__EXERCISE DIRECTIONS__.
When you write out the listing, keep every word as it stands and drop the pictures.

__GIVEN DATA__.
»»
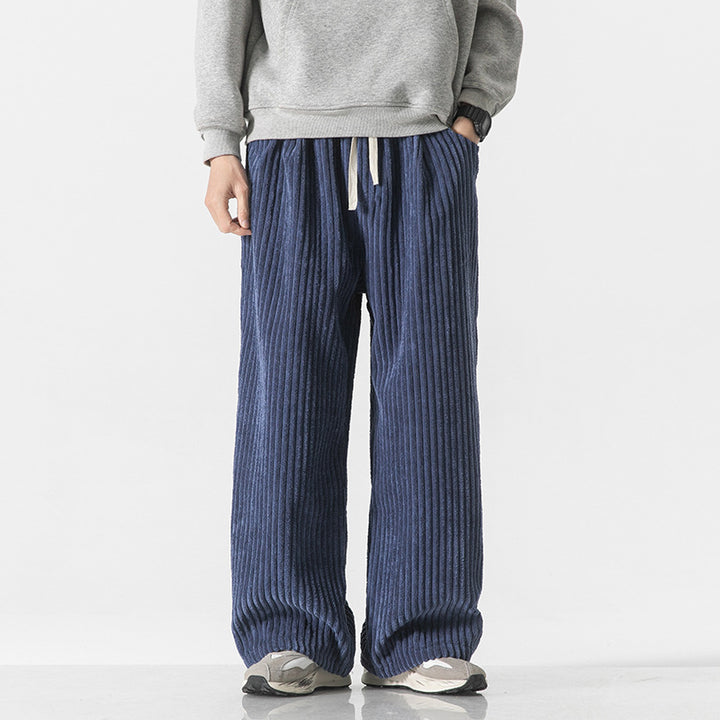 Men's loosely cut corduroy pants with drawstring waistband and distinctive ribbed texture Mune Fashion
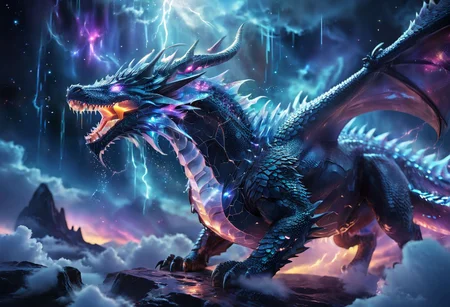 high quality, (furry white (exotic dragon)), (short hair dragon), (white sparkling fur), extremely detailed and beautiful fantasy dragon, a massive, (covered in soft, (downy fur)), with (enormous, nebula, bat-like wings) that (glimmered with ethereal starry quality), (nebula wings), translucent magical starry wings, glowing within, blue and white colors, beautiful vibrant vast (floating realm)), towering, cloud-capped peaks, (moon lit clouds) with (crystalline rivers and streams), sharp focus, intricate, (starry night sky), detailed illustration, beautiful color palette, incredible details, high contrast, high dynamic light, glowing magical moonlight, bioluminescent creature, intricately detailed, true masterpiece, dgbrth1, nebula, glowneon, glowing, sparks, lightning, an14, ghastly dragon, SyFyEye1, valley above clouds, syfyeye1, 1other, waves, pants, lens flare, <lora:SyFyEye1_XL_v1.0:1>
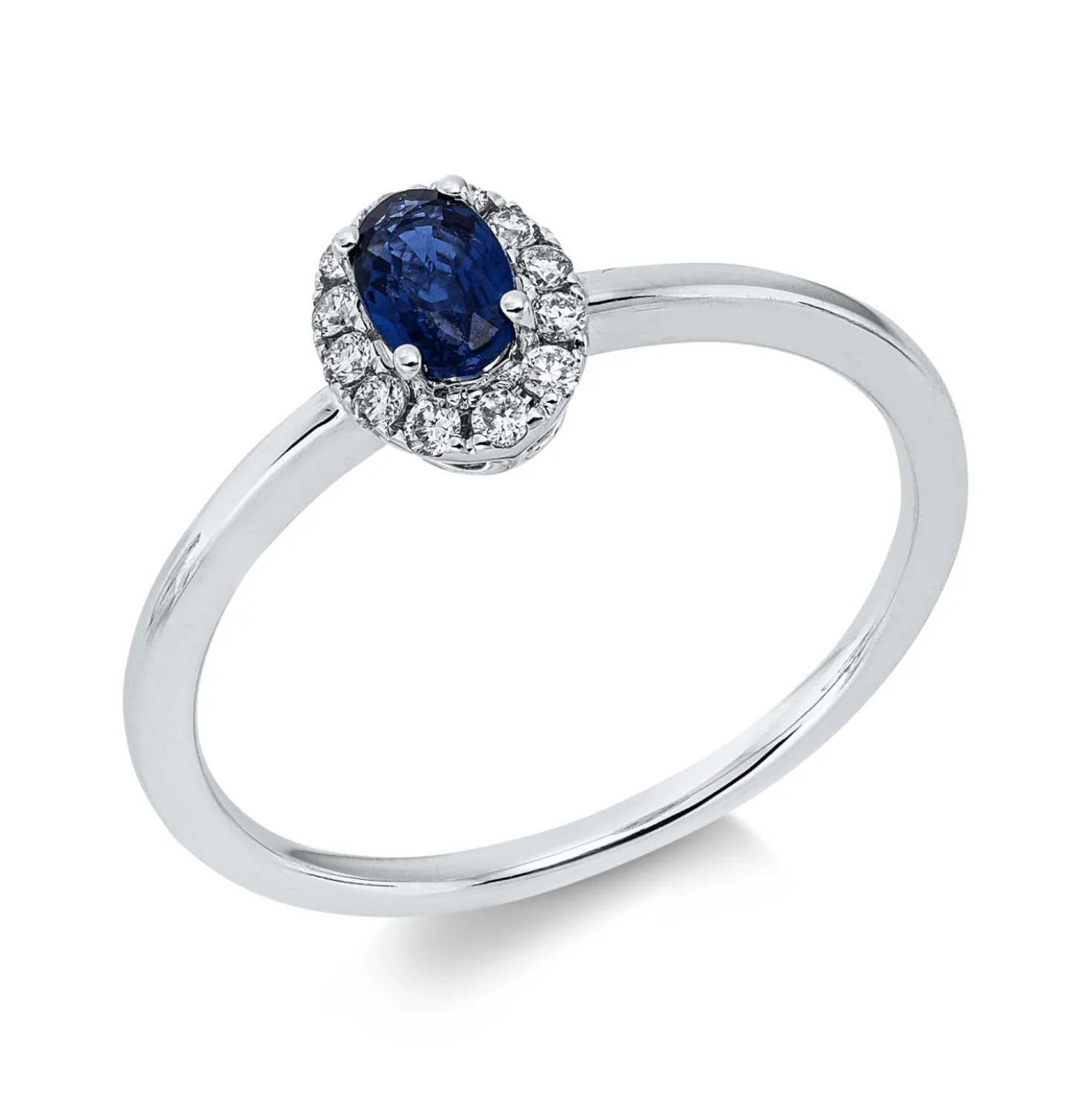 Ring aus 750 Weißgold Saphir 0,37ct blau 12 Brillanten 0,1ct TW-SI B:7,6mm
««
__ANSWER SECTION__.
 Men's loosely cut corduroy pants with drawstring waistband and distinctive ribbed texture Mune Fashion
 high quality, (furry white (exotic dragon)), (short hair dragon), (white sparkling fur), extremely detailed and beautiful fantasy dragon, a massive, (covered in soft, (downy fur)), with (enormous, nebula, bat-like wings) that (glimmered with ethereal starry quality), (nebula wings), translucent magical starry wings, glowing within, blue and white colors, beautiful vibrant vast (floating realm)), towering, cloud-capped peaks, (moon lit clouds) with (crystalline rivers and streams), sharp focus, intricate, (starry night sky), detailed illustration, beautiful color palette, incredible details, high contrast, high dynamic light, glowing magical moonlight, bioluminescent creature, intricately detailed, true masterpiece, dgbrth1, nebula, glowneon, glowing, sparks, lightning, an14, ghastly dragon, SyFyEye1, valley above clouds, syfyeye1, 1other, waves, pants, lens flare, <lora:SyFyEye1_XL_v1.0:1>
 Ring aus 750 Weißgold Saphir 0,37ct blau 12 Brillanten 0,1ct TW-SI B:7,6mm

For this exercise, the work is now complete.